## Directions:
Every entry gets copied exactly. No images go into the copy.
── Entries provided ──
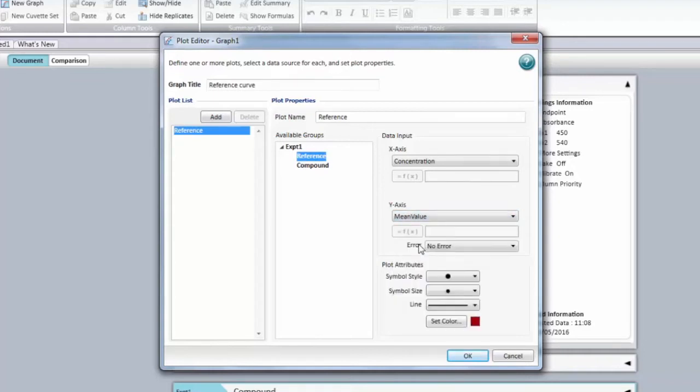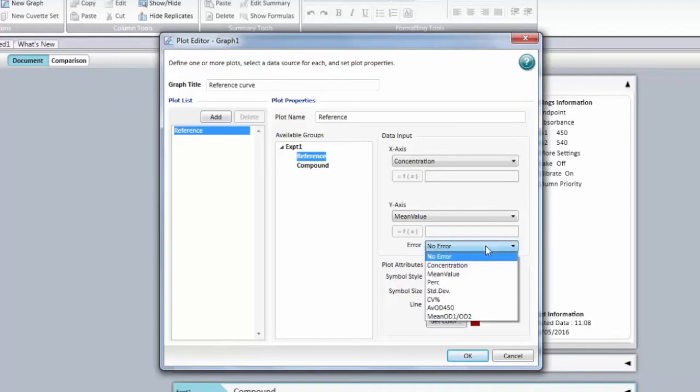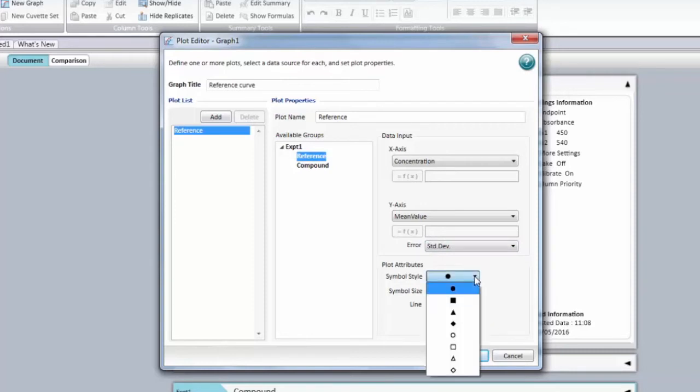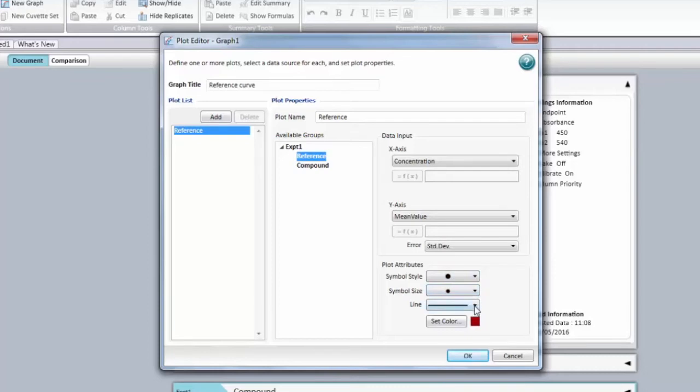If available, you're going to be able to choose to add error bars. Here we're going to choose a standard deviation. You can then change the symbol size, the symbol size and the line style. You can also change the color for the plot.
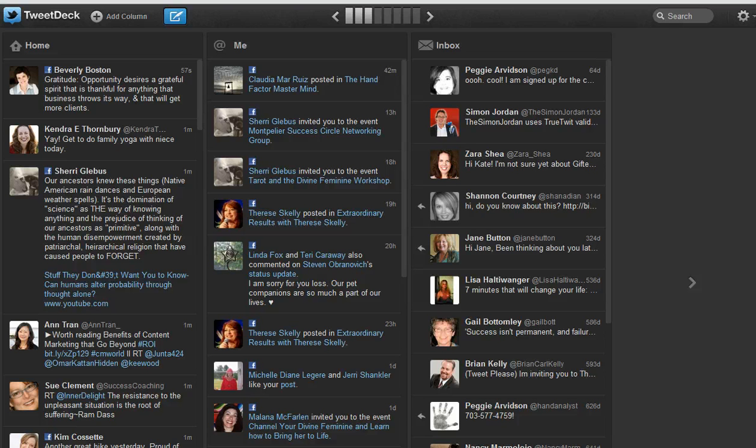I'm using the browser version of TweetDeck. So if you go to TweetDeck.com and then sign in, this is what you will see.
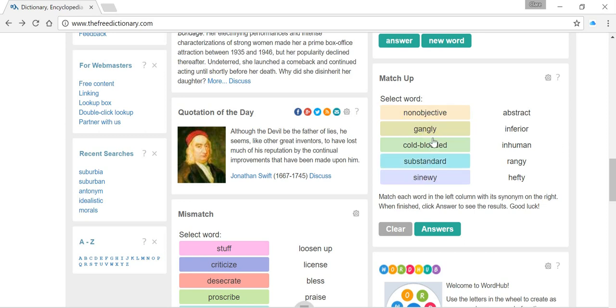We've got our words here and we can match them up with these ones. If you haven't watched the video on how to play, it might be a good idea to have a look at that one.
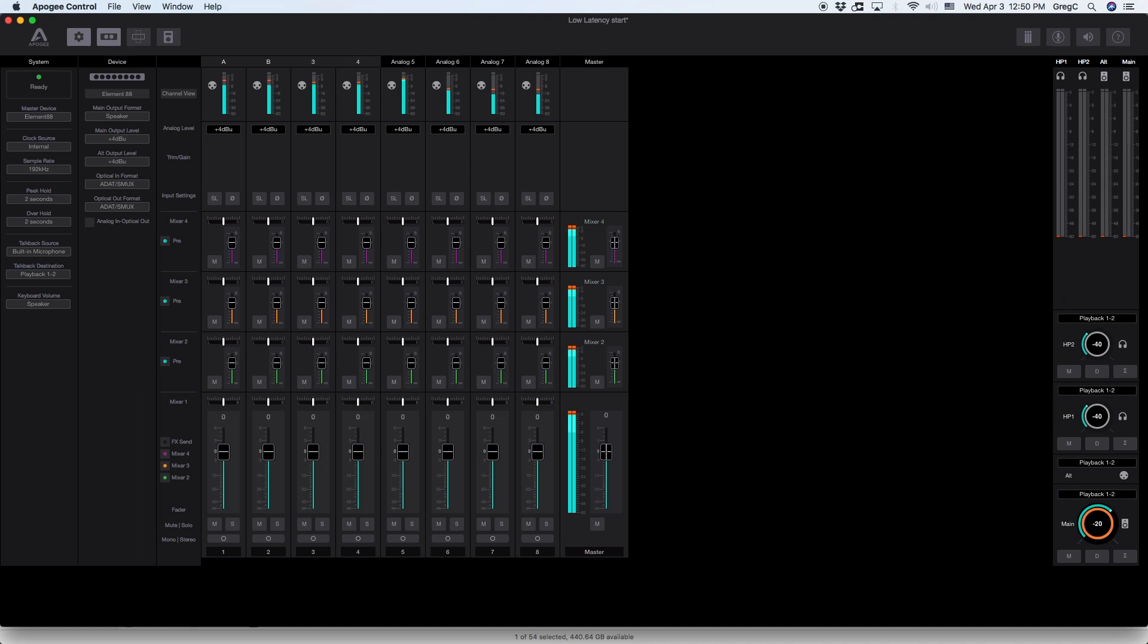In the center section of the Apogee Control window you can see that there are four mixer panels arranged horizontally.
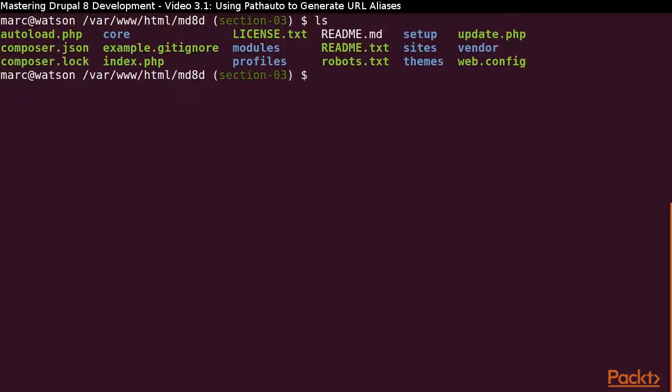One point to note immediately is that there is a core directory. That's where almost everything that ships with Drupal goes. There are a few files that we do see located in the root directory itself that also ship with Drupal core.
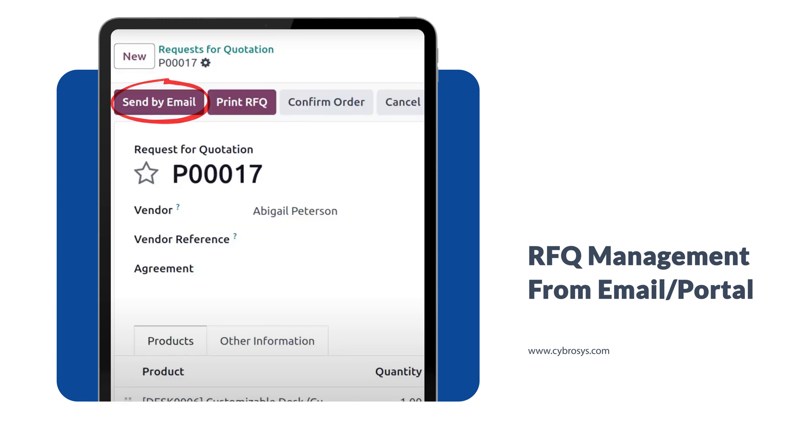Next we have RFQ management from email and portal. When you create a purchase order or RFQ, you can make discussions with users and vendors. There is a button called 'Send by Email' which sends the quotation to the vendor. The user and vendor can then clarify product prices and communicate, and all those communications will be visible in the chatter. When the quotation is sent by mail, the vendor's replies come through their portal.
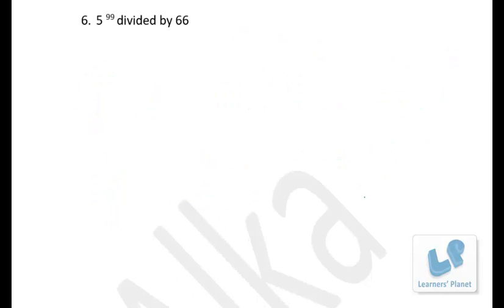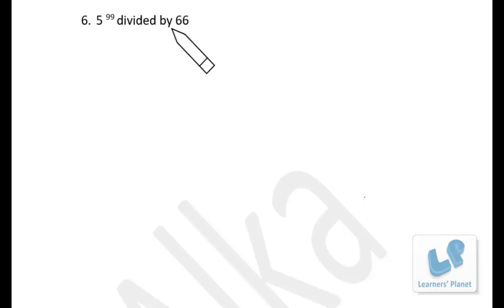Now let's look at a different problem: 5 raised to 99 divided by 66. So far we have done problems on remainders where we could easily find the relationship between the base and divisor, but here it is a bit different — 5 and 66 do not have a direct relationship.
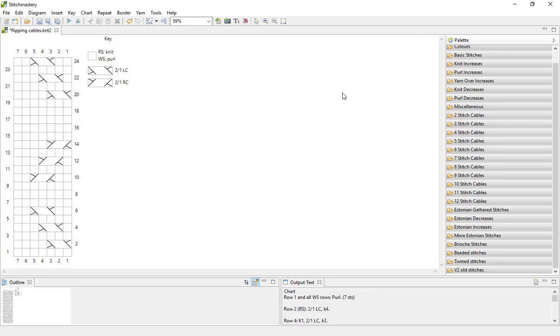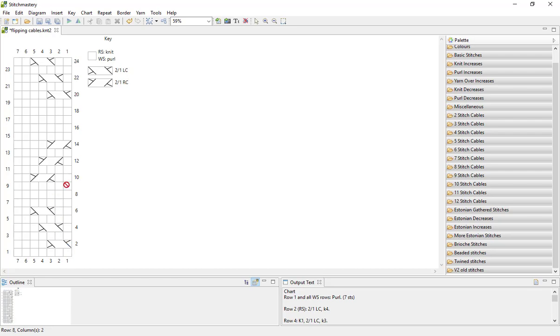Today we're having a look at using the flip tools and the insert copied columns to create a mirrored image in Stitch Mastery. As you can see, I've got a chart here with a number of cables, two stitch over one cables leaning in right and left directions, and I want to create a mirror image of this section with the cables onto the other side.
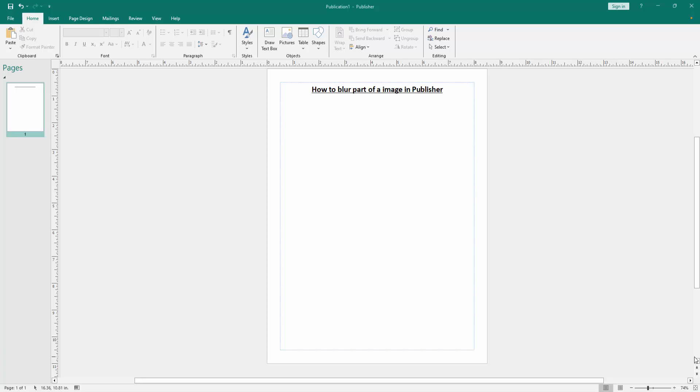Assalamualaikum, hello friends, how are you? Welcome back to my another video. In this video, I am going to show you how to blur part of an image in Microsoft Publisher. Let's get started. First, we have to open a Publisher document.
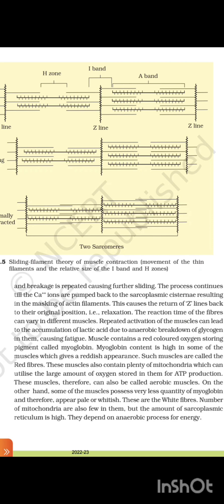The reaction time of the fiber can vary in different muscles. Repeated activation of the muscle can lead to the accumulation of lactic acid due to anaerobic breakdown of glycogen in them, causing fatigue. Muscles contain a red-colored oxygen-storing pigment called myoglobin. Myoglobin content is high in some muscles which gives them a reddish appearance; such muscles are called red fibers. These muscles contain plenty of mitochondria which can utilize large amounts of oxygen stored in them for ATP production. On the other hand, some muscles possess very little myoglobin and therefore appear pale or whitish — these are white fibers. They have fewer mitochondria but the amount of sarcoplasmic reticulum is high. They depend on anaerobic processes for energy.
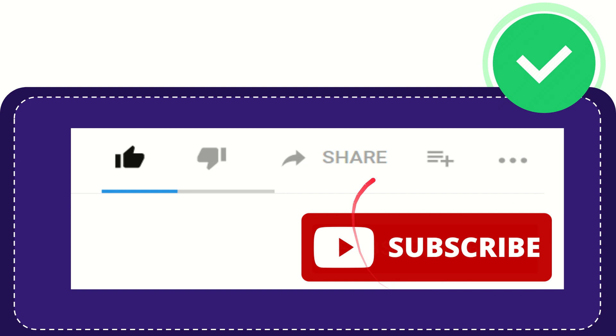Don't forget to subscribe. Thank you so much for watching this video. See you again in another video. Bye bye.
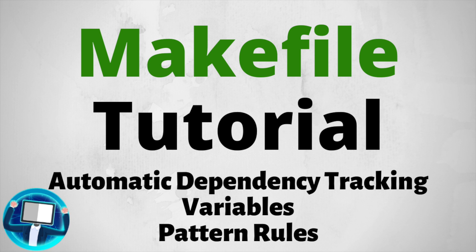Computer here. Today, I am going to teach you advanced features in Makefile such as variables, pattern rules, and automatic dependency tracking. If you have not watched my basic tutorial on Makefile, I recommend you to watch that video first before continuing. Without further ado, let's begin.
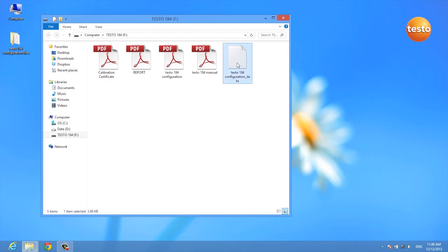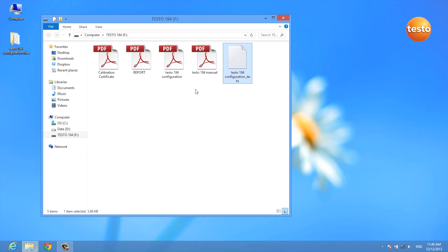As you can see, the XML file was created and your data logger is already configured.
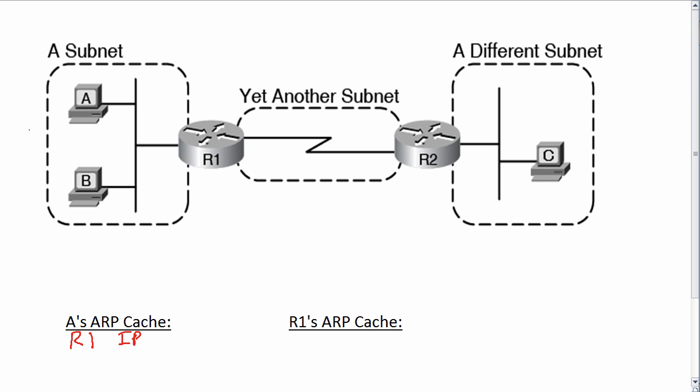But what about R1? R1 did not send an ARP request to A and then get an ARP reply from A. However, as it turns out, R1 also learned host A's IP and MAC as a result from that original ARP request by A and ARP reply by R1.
───
## Finished exercise:
If available, you're going to be able to choose to add error bars. Here we're going to choose a standard deviation. You can then change the symbol size, the symbol size and the line style. You can also change the color for the plot.
I'm using the browser version of TweetDeck. So if you go to TweetDeck.com and then sign in, this is what you will see.
We've got our words here and we can match them up with these ones. If you haven't watched the video on how to play, it might be a good idea to have a look at that one.
In the center section of the Apogee Control window you can see that there are four mixer panels arranged horizontally.
One point to note immediately is that there is a core directory. That's where almost everything that ships with Drupal goes. There are a few files that we do see located in the root directory itself that also ship with Drupal core.
Next we have RFQ management from email and portal. When you create a purchase order or RFQ, you can make discussions with users and vendors. There is a button called 'Send by Email' which sends the quotation to the vendor. The user and vendor can then clarify product prices and communicate, and all those communications will be visible in the chatter. When the quotation is sent by mail, the vendor's replies come through their portal.
Now let's look at a different problem: 5 raised to 99 divided by 66. So far we have done problems on remainders where we could easily find the relationship between the base and divisor, but here it is a bit different — 5 and 66 do not have a direct relationship.
Today we're having a look at using the flip tools and the insert copied columns to create a mirrored image in Stitch Mastery. As you can see, I've got a chart here with a number of cables, two stitch over one cables leaning in right and left directions, and I want to create a mirror image of this section with the cables onto the other side.
Assalamualaikum, hello friends, how are you? Welcome back to my another video. In this video, I am going to show you how to blur part of an image in Microsoft Publisher. Let's get started. First, we have to open a Publisher document.
The reaction time of the fiber can vary in different muscles. Repeated activation of the muscle can lead to the accumulation of lactic acid due to anaerobic breakdown of glycogen in them, causing fatigue. Muscles contain a red-colored oxygen-storing pigment called myoglobin. Myoglobin content is high in some muscles which gives them a reddish appearance; such muscles are called red fibers. These muscles contain plenty of mitochondria which can utilize large amounts of oxygen stored in them for ATP production. On the other hand, some muscles possess very little myoglobin and therefore appear pale or whitish — these are white fibers. They have fewer mitochondria but the amount of sarcoplasmic reticulum is high. They depend on anaerobic processes for energy.
Don't forget to subscribe. Thank you so much for watching this video. See you again in another video. Bye bye.
Computer here. Today, I am going to teach you advanced features in Makefile such as variables, pattern rules, and automatic dependency tracking. If you have not watched my basic tutorial on Makefile, I recommend you to watch that video first before continuing. Without further ado, let's begin.
As you can see, the XML file was created and your data logger is already configured.
But what about R1? R1 did not send an ARP request to A and then get an ARP reply from A. However, as it turns out, R1 also learned host A's IP and MAC as a result from that original ARP request by A and ARP reply by R1.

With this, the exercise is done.